O acórdão demonstrou que juizes honestos não podem ter outra posição perante mulheres acusadas de aborto clandestino, sujeitas aos maiores vexames de um processo inadmissível, que fere a sua privacidade e dignidade, pondo em causa direitos fundamentais.
Demonstrou que a cláusula do código penal, que permite a condenação das mulheres até três anos, é irracional, estúpida e anti-social, dado que não corresponde à realidade do país, é de muito difícil aplicação, implica custos financeiros elevados e o desvio de meios humanos e técnicos que são essenciais para combater o banditismo, o branqueamento de capitais, o crime organizado de tráfico de seres humanos e de droga, que, assim, continuam a agir mais à vontade.
Demonstrou também , como o juiz fez questão de sublinhar no final da leitura do acórdão, que são perfeitamente legítimas as manifestações de solidariedade da população para com as mulheres vítimas de uma lei socialmente injusta, e dos inúmeros apelos que no País e no estrangeiro estão a ser dirigidos à Assembleia da República para que altere a lei e resolva este problema de uma vez por todas.

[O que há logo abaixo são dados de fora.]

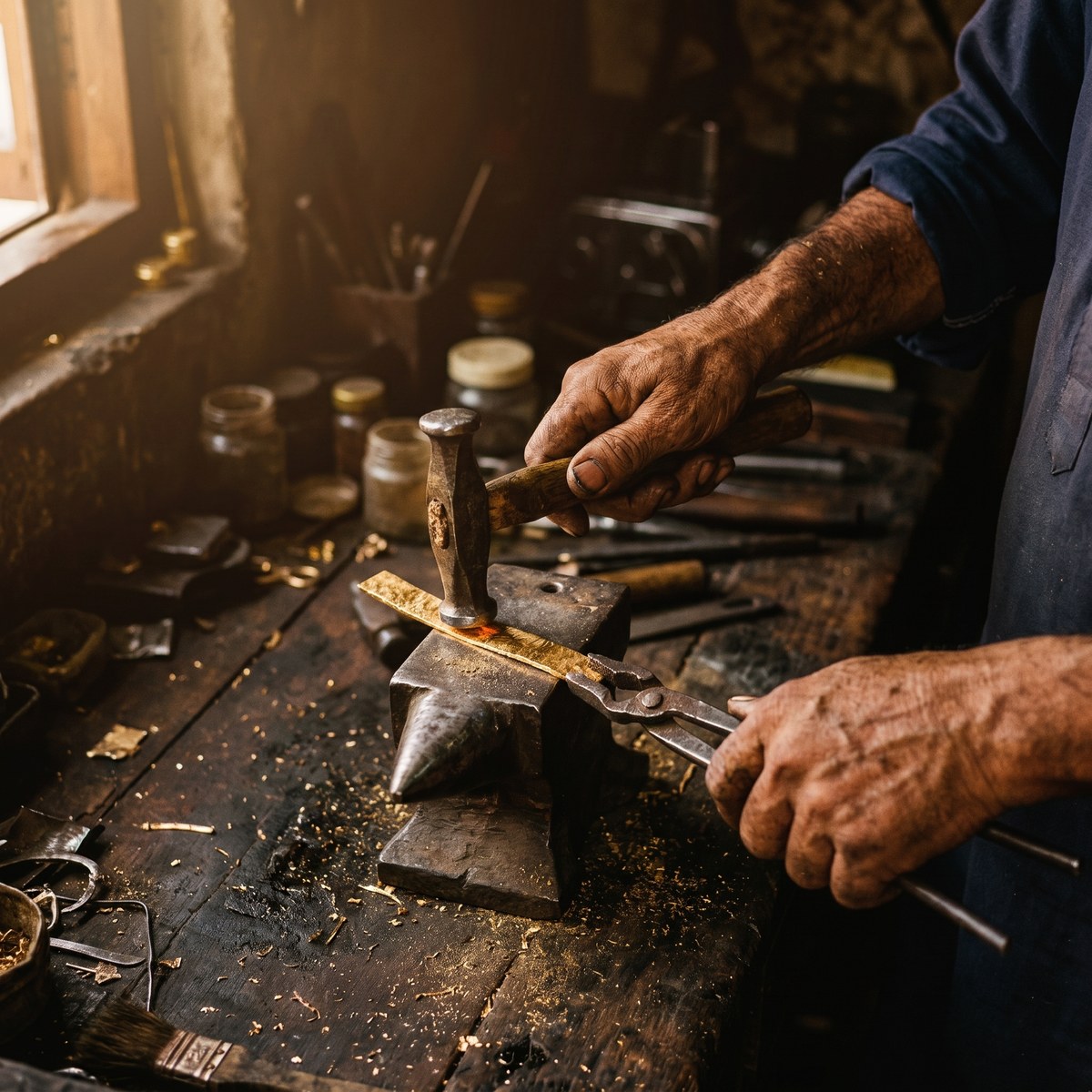 Raw gold being shaped in the workshop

Mas demonstrou também que há magistrados que persistem nesta perseguição às mulheres, como o representante do Ministério Público, que já anunciou ir recorrer da sentença e manter as acusações contra as mulheres. Será que não encontra na sociedade processos de gravidade e verdadeiros crimes que justifiquem a sua cruzada justiceira?
Sabe-se que a realização de processos de investigação e os julgamentos geram grande sofrimento às mulheres e suas famílias, têm graves consequências na vida e saúde psicológica das mulheres que se sentam no banco dos réus e aumentam a insegurança em torno de todo este processo. O que acaba por ter efeitos no negócio em torno do aborto clandestino, que fica mais caro, e alguém ganha mais com isso.

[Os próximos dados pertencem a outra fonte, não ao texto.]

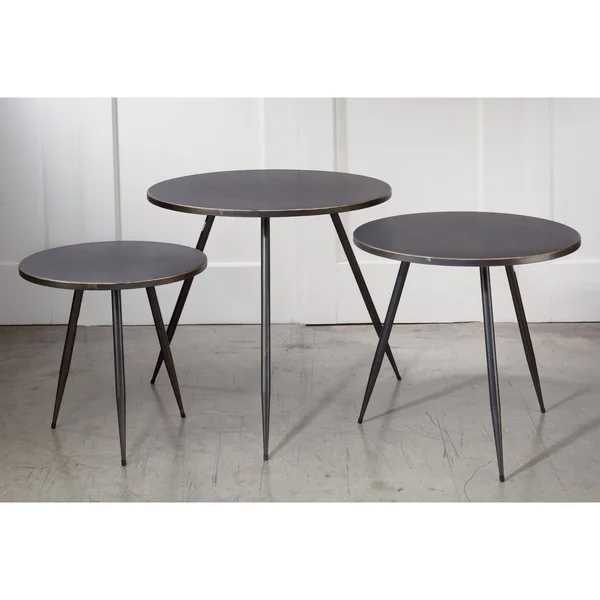 Tripar Set of 3 Black and Gold Round Solid Side Table 27.5x22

Sabe-se como a manutenção da lei punitiva acaba por ter efeitos profundamente negativos sobretudo para as mulheres que não dispõem de possibilidades para se deslocarem ao estrangeiro onde não há problemas com a realização do aborto.
Daí que, quem se opõe à alteração da actual lei assume, de facto, a responsabilidade política e moral dos danos resultantes do flagelo do aborto clandestino. Quem se opõe à alteração da actual lei assume a responsabilidade política e moral de condenar as mulheres, em particular das camadas mais desfavorecidas, a circuitos clandestinos, crescentemente perigosos para a sua privacidade e para a sua saúde.
Sabe-se como, presentemente, Portugal mantém uma situação altamente preocupante da gravidez adolescente. Segundo o Relatório do Fundo das Nações Unidas para a População, publicado em 2003, dedicado aos direitos sexuais e produtivos, Portugal tem uma taxa de gravidezes adolescentes de 17%, apenas ultrapassada, na União Europeia, pelo reino Unido ( 22%).
Por tudo isto, assume particular importância o debate sobre o aborto, na Assembleia da República, no próximo dia 3 de Março, em que o PCP sujeita à discussão e votação o seu projecto-lei de despenalização do aborto até às 12 semanas, a pedido da mulher, alargando este prazo em situações particulares, ao mesmo tempo que propõe a organização dos serviços hospitalares por forma a responderem às solicitações de prática da interrupção voluntária da gravidez.
Trata-se de defender a dignidade das mulheres e de promover todos os seus direitos.